[DATA SHOWN]
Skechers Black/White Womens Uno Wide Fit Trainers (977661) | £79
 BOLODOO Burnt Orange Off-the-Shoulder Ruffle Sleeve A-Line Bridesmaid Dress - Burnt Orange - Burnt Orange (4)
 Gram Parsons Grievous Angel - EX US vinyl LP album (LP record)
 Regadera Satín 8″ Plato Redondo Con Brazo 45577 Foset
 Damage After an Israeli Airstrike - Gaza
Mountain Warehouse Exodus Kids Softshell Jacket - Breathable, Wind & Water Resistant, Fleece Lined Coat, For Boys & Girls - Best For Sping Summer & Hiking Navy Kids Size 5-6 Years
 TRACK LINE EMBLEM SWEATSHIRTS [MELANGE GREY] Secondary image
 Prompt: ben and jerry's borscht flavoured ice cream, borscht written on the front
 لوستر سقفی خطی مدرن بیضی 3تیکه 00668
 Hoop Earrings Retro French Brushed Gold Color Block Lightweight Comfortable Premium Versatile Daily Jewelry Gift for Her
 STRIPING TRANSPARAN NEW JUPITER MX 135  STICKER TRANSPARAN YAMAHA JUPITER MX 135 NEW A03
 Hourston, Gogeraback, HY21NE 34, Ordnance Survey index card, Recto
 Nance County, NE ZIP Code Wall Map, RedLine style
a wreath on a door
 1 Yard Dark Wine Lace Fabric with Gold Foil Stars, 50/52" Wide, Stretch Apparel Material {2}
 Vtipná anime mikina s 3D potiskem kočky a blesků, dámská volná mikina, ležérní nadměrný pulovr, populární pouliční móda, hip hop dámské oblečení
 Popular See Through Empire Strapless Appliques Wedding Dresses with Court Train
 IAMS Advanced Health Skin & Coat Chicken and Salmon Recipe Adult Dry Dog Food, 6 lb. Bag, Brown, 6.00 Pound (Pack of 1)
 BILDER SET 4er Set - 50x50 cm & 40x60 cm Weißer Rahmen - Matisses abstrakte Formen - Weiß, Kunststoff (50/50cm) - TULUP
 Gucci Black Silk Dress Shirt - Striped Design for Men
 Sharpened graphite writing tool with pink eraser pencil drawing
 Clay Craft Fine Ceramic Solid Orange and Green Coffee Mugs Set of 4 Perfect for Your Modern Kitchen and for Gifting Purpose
[/DATA SHOWN]
TASK TO CARRY OUT
Output the entries exactly. Leave nothing out.

RESPONSE AREA
Skechers Black/White Womens Uno Wide Fit Trainers (977661) | £79
 BOLODOO Burnt Orange Off-the-Shoulder Ruffle Sleeve A-Line Bridesmaid Dress - Burnt Orange - Burnt Orange (4)
 Gram Parsons Grievous Angel - EX US vinyl LP album (LP record)
 Regadera Satín 8″ Plato Redondo Con Brazo 45577 Foset
 Damage After an Israeli Airstrike - Gaza
Mountain Warehouse Exodus Kids Softshell Jacket - Breathable, Wind & Water Resistant, Fleece Lined Coat, For Boys & Girls - Best For Sping Summer & Hiking Navy Kids Size 5-6 Years
 TRACK LINE EMBLEM SWEATSHIRTS [MELANGE GREY] Secondary image
 Prompt: ben and jerry's borscht flavoured ice cream, borscht written on the front
 لوستر سقفی خطی مدرن بیضی 3تیکه 00668
 Hoop Earrings Retro French Brushed Gold Color Block Lightweight Comfortable Premium Versatile Daily Jewelry Gift for Her
 STRIPING TRANSPARAN NEW JUPITER MX 135  STICKER TRANSPARAN YAMAHA JUPITER MX 135 NEW A03
 Hourston, Gogeraback, HY21NE 34, Ordnance Survey index card, Recto
 Nance County, NE ZIP Code Wall Map, RedLine style
a wreath on a door
 1 Yard Dark Wine Lace Fabric with Gold Foil Stars, 50/52" Wide, Stretch Apparel Material {2}
 Vtipná anime mikina s 3D potiskem kočky a blesků, dámská volná mikina, ležérní nadměrný pulovr, populární pouliční móda, hip hop dámské oblečení
 Popular See Through Empire Strapless Appliques Wedding Dresses with Court Train
 IAMS Advanced Health Skin & Coat Chicken and Salmon Recipe Adult Dry Dog Food, 6 lb. Bag, Brown, 6.00 Pound (Pack of 1)
 BILDER SET 4er Set - 50x50 cm & 40x60 cm Weißer Rahmen - Matisses abstrakte Formen - Weiß, Kunststoff (50/50cm) - TULUP
 Gucci Black Silk Dress Shirt - Striped Design for Men
 Sharpened graphite writing tool with pink eraser pencil drawing
 Clay Craft Fine Ceramic Solid Orange and Green Coffee Mugs Set of 4 Perfect for Your Modern Kitchen and for Gifting Purpose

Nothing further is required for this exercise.